Copy out every record precisely.

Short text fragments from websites
★ ★ ★ ★ ★

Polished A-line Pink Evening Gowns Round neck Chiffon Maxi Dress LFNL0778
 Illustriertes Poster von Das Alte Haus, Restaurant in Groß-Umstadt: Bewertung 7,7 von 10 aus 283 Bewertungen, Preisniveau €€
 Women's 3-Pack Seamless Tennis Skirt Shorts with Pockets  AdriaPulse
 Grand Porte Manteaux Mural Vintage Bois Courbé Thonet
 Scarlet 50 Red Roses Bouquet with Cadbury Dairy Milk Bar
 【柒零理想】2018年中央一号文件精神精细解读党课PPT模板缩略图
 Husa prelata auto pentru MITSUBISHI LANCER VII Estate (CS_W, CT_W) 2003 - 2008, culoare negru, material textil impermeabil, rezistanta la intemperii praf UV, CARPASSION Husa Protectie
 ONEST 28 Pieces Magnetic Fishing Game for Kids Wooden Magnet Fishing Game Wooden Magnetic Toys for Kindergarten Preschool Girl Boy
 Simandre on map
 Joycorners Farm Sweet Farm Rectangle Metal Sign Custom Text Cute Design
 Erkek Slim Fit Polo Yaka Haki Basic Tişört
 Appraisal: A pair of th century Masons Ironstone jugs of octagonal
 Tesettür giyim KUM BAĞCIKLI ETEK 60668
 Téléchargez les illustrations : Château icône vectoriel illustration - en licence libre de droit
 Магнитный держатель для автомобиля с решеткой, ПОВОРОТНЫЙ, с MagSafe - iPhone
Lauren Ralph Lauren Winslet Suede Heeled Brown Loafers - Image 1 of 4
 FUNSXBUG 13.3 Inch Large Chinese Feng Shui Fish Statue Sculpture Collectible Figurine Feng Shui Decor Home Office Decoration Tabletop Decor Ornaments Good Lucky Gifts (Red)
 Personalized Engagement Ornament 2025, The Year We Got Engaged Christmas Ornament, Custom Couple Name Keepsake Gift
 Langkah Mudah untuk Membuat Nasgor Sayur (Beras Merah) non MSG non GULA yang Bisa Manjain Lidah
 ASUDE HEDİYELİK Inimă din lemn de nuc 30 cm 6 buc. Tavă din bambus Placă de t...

★ ★ ★ ★ ★

### Task solution
Polished A-line Pink Evening Gowns Round neck Chiffon Maxi Dress LFNL0778
 Illustriertes Poster von Das Alte Haus, Restaurant in Groß-Umstadt: Bewertung 7,7 von 10 aus 283 Bewertungen, Preisniveau €€
 Women's 3-Pack Seamless Tennis Skirt Shorts with Pockets  AdriaPulse
 Grand Porte Manteaux Mural Vintage Bois Courbé Thonet
 Scarlet 50 Red Roses Bouquet with Cadbury Dairy Milk Bar
 【柒零理想】2018年中央一号文件精神精细解读党课PPT模板缩略图
 Husa prelata auto pentru MITSUBISHI LANCER VII Estate (CS_W, CT_W) 2003 - 2008, culoare negru, material textil impermeabil, rezistanta la intemperii praf UV, CARPASSION Husa Protectie
 ONEST 28 Pieces Magnetic Fishing Game for Kids Wooden Magnet Fishing Game Wooden Magnetic Toys for Kindergarten Preschool Girl Boy
 Simandre on map
 Joycorners Farm Sweet Farm Rectangle Metal Sign Custom Text Cute Design
 Erkek Slim Fit Polo Yaka Haki Basic Tişört
 Appraisal: A pair of th century Masons Ironstone jugs of octagonal
 Tesettür giyim KUM BAĞCIKLI ETEK 60668
 Téléchargez les illustrations : Château icône vectoriel illustration - en licence libre de droit
 Магнитный держатель для автомобиля с решеткой, ПОВОРОТНЫЙ, с MagSafe - iPhone
Lauren Ralph Lauren Winslet Suede Heeled Brown Loafers - Image 1 of 4
 FUNSXBUG 13.3 Inch Large Chinese Feng Shui Fish Statue Sculpture Collectible Figurine Feng Shui Decor Home Office Decoration Tabletop Decor Ornaments Good Lucky Gifts (Red)
 Personalized Engagement Ornament 2025, The Year We Got Engaged Christmas Ornament, Custom Couple Name Keepsake Gift
 Langkah Mudah untuk Membuat Nasgor Sayur (Beras Merah) non MSG non GULA yang Bisa Manjain Lidah
 ASUDE HEDİYELİK Inimă din lemn de nuc 30 cm 6 buc. Tavă din bambus Placă de t...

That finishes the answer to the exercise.